Description
In this unusual memoir, Edward Stankiewicz stirringly recalls his youth as a Polish Jew beginning with prewar Warsaw through to the Nazi invasion. Life on the run lands Stankiewicz in Soviet-occupied Lwow where in time he joins the Lwow Literary Club. A friend of Jewish, Yiddish, Polish, and Soviet poets and writers, he offers rare insights into wartime Eastern European intellectual life.
After the German occupation of Lwow, in the newly built Jewish ghetto, he works in German military outfits and learns to forge Aryan and German documents to help people escape. In a German uniform he escapes to the Eastern Ukraine where he wanders for several months from town to town. Captured by the Gestapo, he is shipped to Buchenwald where he survives as a Pole. In the camp he manages to produce Polish and German poetry and a play. Some of these poems are reproduced in the book.

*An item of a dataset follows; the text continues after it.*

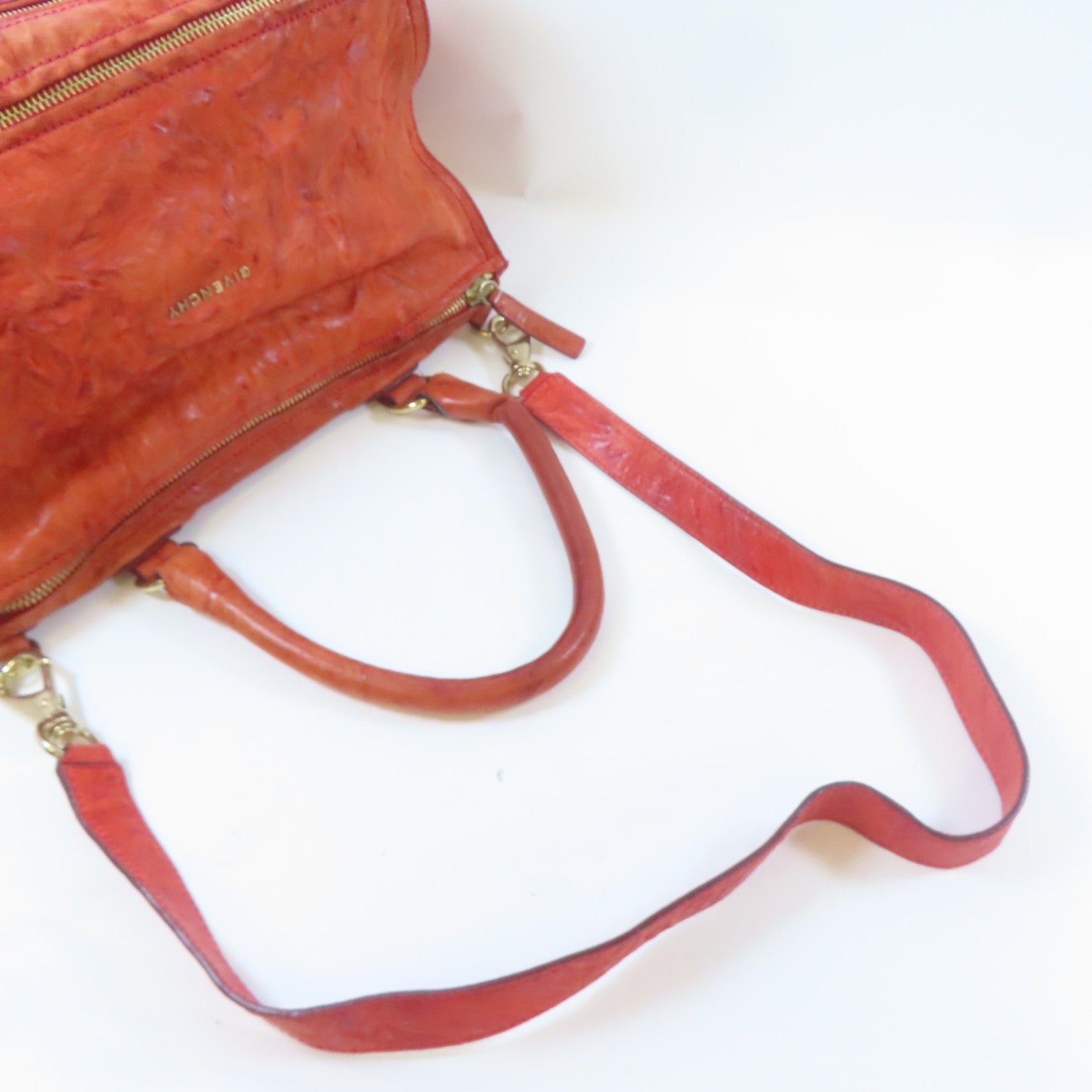 GIVENCHY 皮革Pandora Bag金扣手挽肩背兩用袋橙色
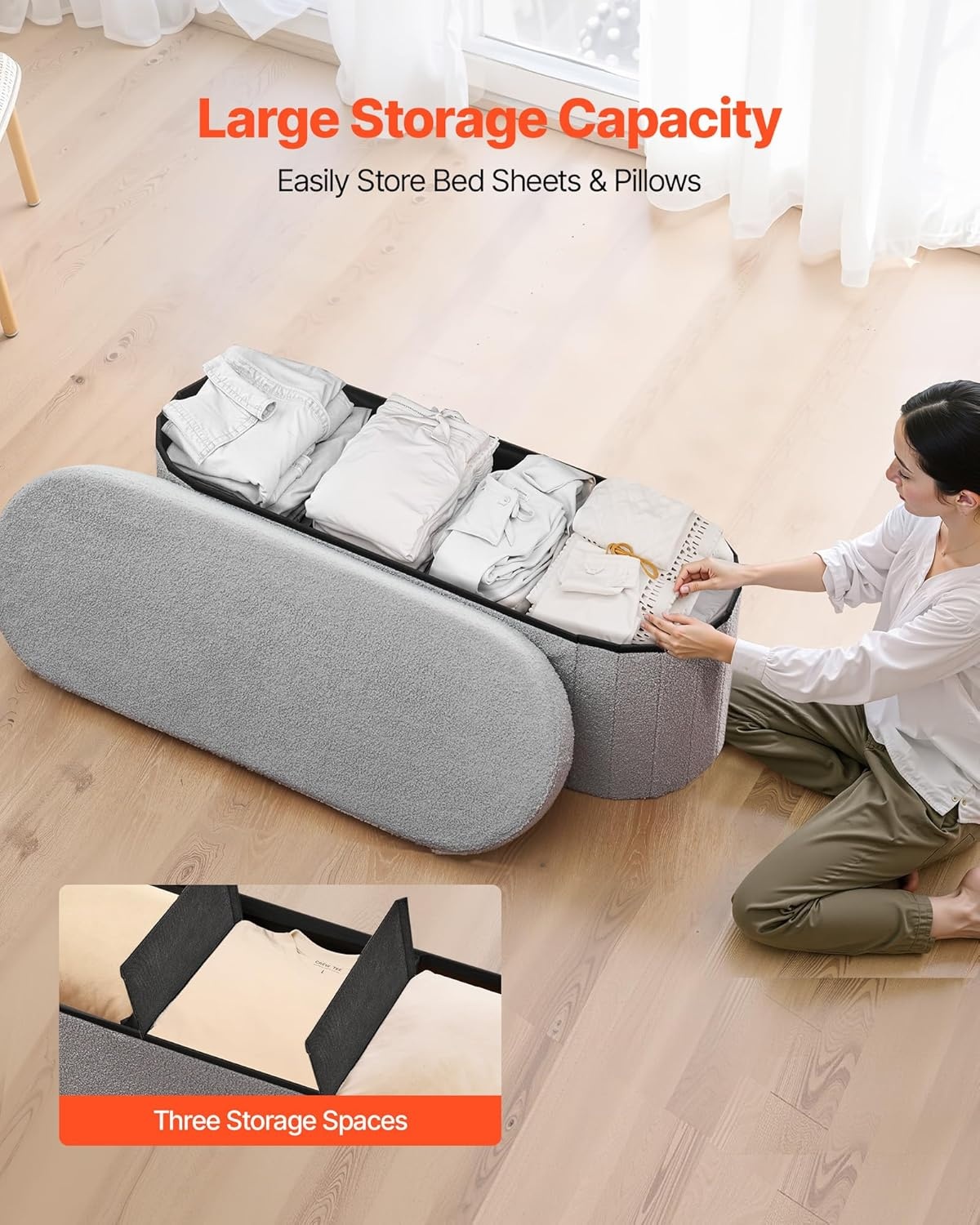 image:imageVEVOR Foldable Storage Ottoman Bench End of Bed Bench with Side Bags Folding Upholstered Storage Chest Supports 660 lbs Linen Bed Ottoman with Large Space for Living Room Bedroom Entryway BeigeGrey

Writing in a spare, accessible style, Stankiewicz unflinchingly addresses such significant issues as identity, loyalty, betrayal, anti-Semitism, and communism.
About the Author
Edward Stankiewicz is professor emeritus of Slavic linguistics and literary theory at Yale University. He is the author of many articles and books about Slavic and general linguistics, the history of linguistics, poetics, and Yiddish.